Marak Pelecehan Seksual di Ranah Minang, DPP MIMBAR Angkat Suara

Yelia Syamsul (Wasekjend Bidang Politik dan Demokrasi DPP MIMBAR)

banner 120x600

-Sumatera Barat, Prihatin dengan maraknya kasus pelecehan seksual yang terjadi dalam beberapa waktu terakhir, luka mendalam tergores di bumi Ranah Minang mencoreng citra budaya Minangkabau yang menjunjung tinggi nilai-nilai moral. Menurut data Polres Padang Pariaman, selama periode Januari hingga Juni 2024, telah terjadi 108 kasus tindak pidana, dengan kasus pelecehan seksual terhadap anak di bawah umur menjadi yang terbanyak, yaitu 22 kasus. Dari jumlah tersebut, 13 kasus adalah persetubuhan anak di bawah umur dan 9 kasus perbuatan cabul terhadap anak di bawah umur. Data ini menunjukkan lonjakan signifikan dibandingkan tahun sebelumnya mencerminkan realitas pahit yang harus dihadapi masyarakat.
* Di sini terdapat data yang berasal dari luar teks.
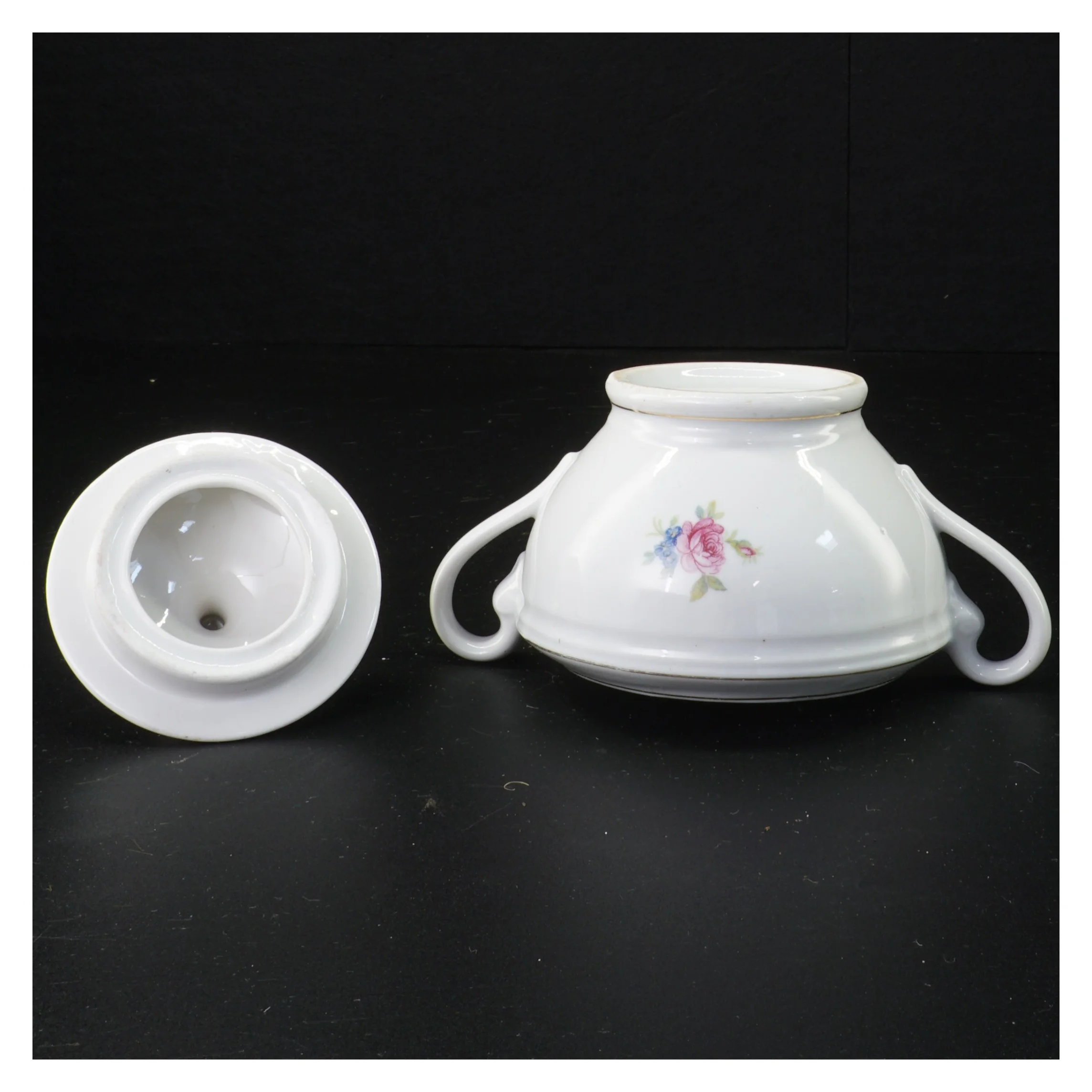 Sukkerskål med låg (str. 16 x 10 x 11 cm)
Pada tahun 2022, hanya terdapat 65 kasus kekerasan terhadap perempuan dan anak di Padang Pariaman.

 

Wasekjend DPP Mimbar, Yelia Syamsul mengatakan bahwa Mirisnya para korban pelecehan ini tidak hanya dari kalangan anak-anak perempuan, tetapi juga remaja laki-laki dan perempuan dewasa. Hal ini menunjukkan bahwa pelecehan seksual dapat menimpa siapa saja, tanpa pandang usia dan gender. Para pelaku pelecehan seksual di Padang Pariaman menggunakan berbagai modus untuk melancarkan aksinya, seperti Memancing korban dengan iming-iming tertentu seperti uang, makanan, atau hadiah, Menyembunyikan diri di tempat sepi dan memaksa korban untuk melakukan hubungan seksual, Memabukkan korban terlebih dahulu sebelum melakukan pelecehan seksual dan Menyalahgunakan kekuasaan untuk memaksa korban melakukan hubungan seksual. Trauma yang ditimbulkan pun tak terkira. Korban tak hanya mengalami luka fisik, tetapi juga trauma mental dan emosional yang dapat mengganggu kehidupan mereka di masa depan. Mereka sering kali mengalami depresi, kecemasan, rasa malu, dan rasa bersalah. Mereka juga dapat mengalami kesulitan untuk mempercayai orang lain dan membangun hubungan yang sehat.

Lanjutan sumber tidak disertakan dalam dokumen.